─── Extracted information ───

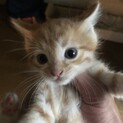 まんまる茶白の男の子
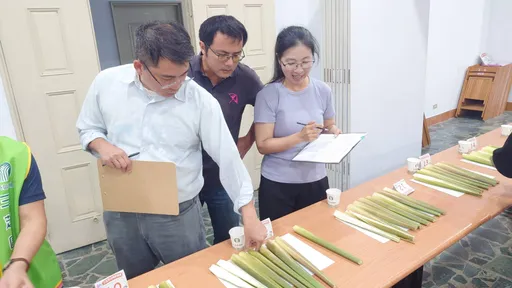 三芝茭白笋争霸赛「最甜笋王」出炉 体大口感细嫩「甜度6.5如吃水蜜桃」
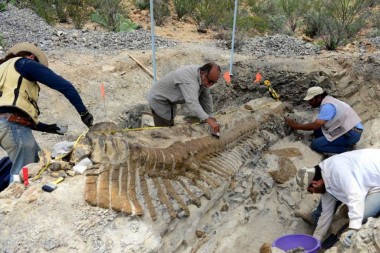 Во Франции палеонтологи нашли останки динозавра, жившего 90 млн лет назад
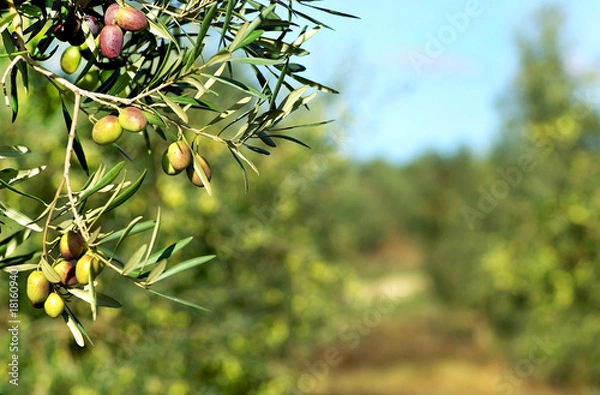Obraz Oliwki na gałęzi.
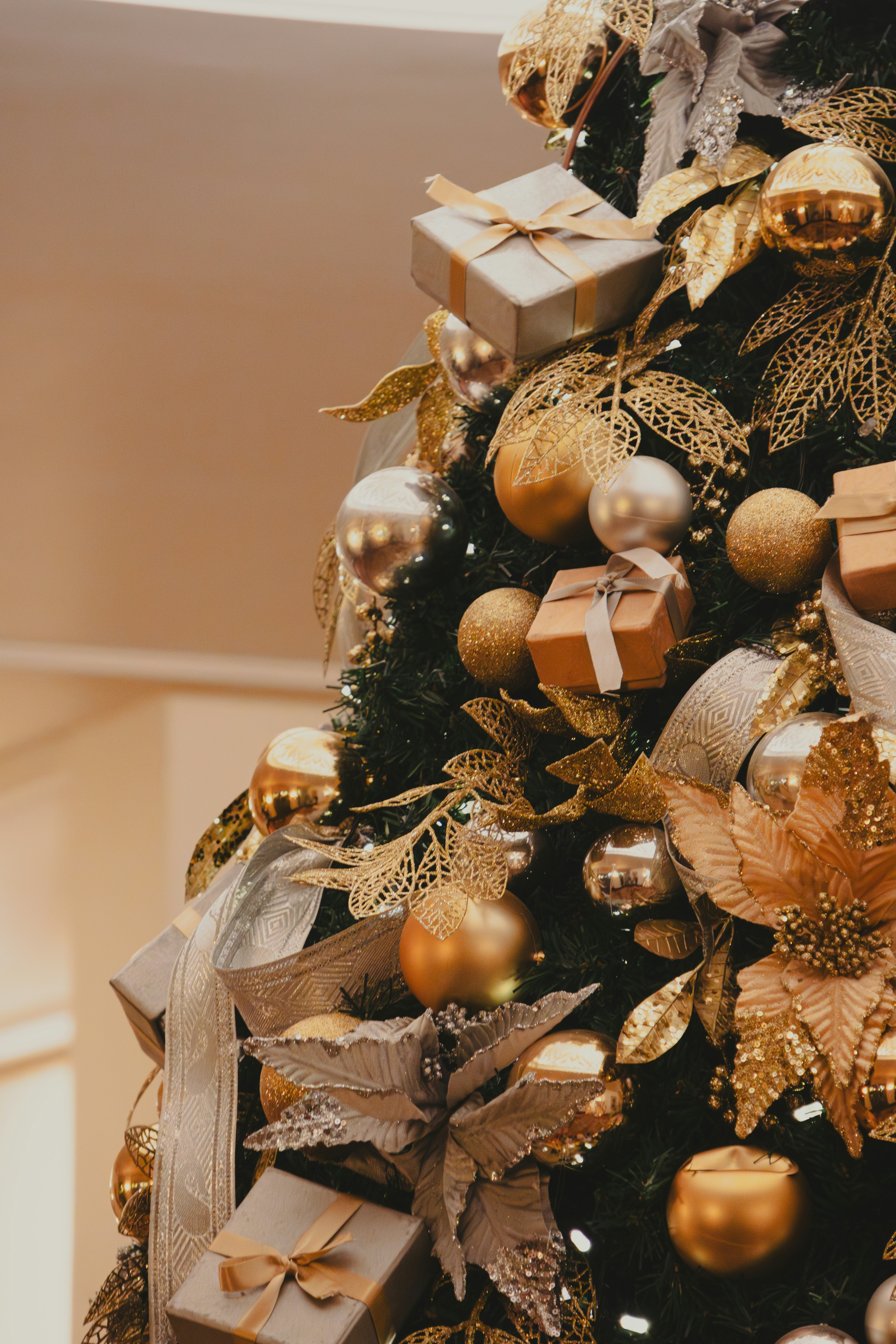 Photo by sameer_srivastava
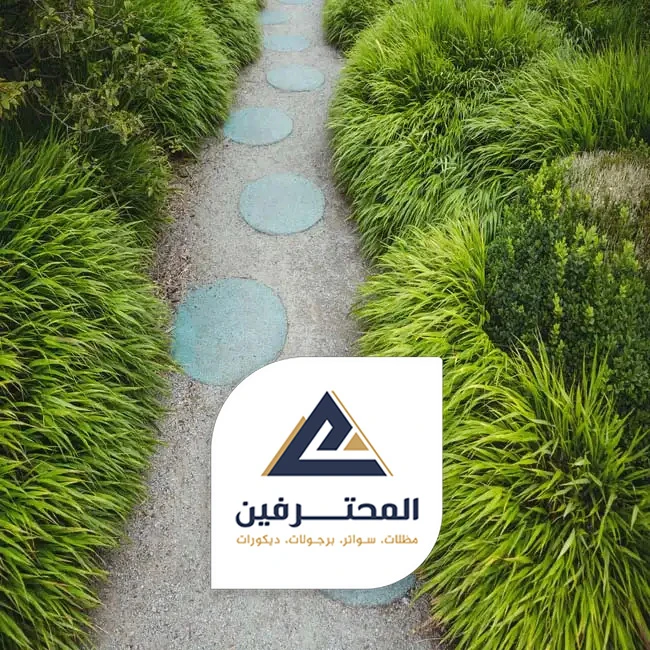 ترتيب الحوش بالعشب بجده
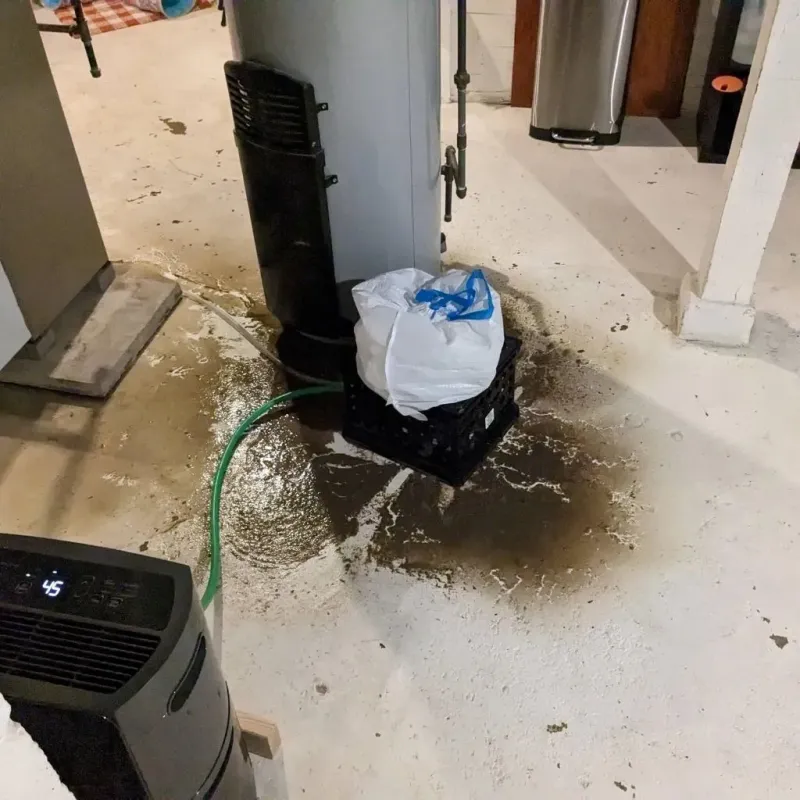 Sewage Backup Cleanup Service in Harlem, GA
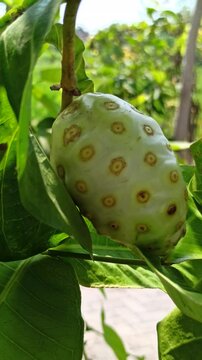 noni fruit on tree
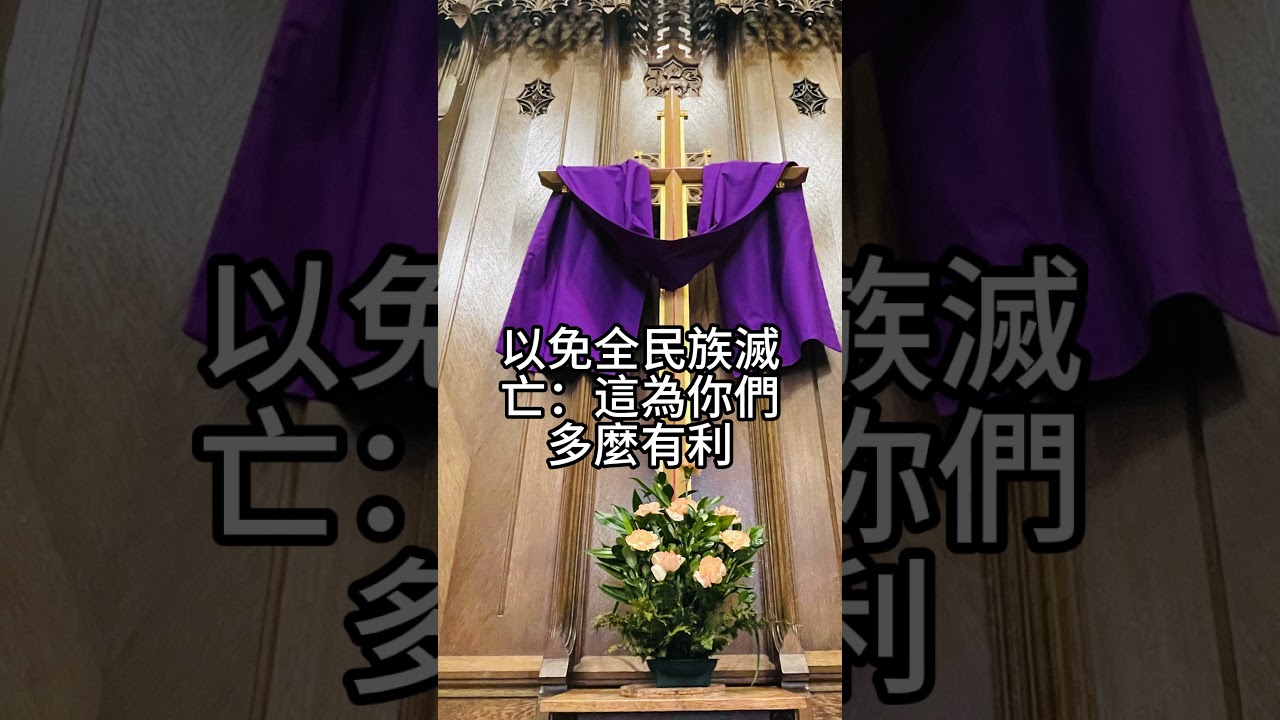 03/28   恭讀聖若望福音　11:45-56   耶穌使那四散的天主子女都聚集歸一。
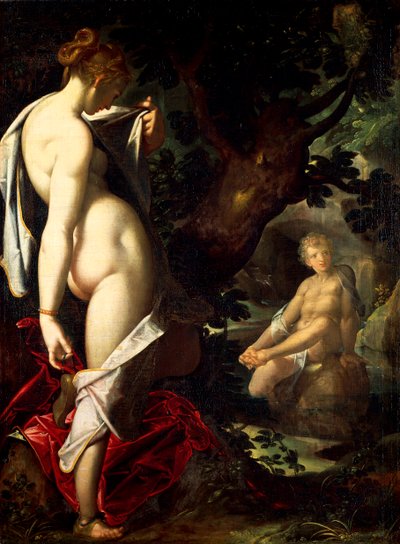 Ermafrodito e Salmace da Bartholomaeus Spranger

───

What the exercise asks: What the answer must hold: all the data above, given again exactly, without pictures.

Exercise response:
 まんまる茶白の男の子
 三芝茭白笋争霸赛「最甜笋王」出炉 体大口感细嫩「甜度6.5如吃水蜜桃」
 Во Франции палеонтологи нашли останки динозавра, жившего 90 млн лет назад
Obraz Oliwki na gałęzi.
 Photo by sameer_srivastava
 ترتيب الحوش بالعشب بجده
 Sewage Backup Cleanup Service in Harlem, GA
 noni fruit on tree
 03/28   恭讀聖若望福音　11:45-56   耶穌使那四散的天主子女都聚集歸一。
 Ermafrodito e Salmace da Bartholomaeus Spranger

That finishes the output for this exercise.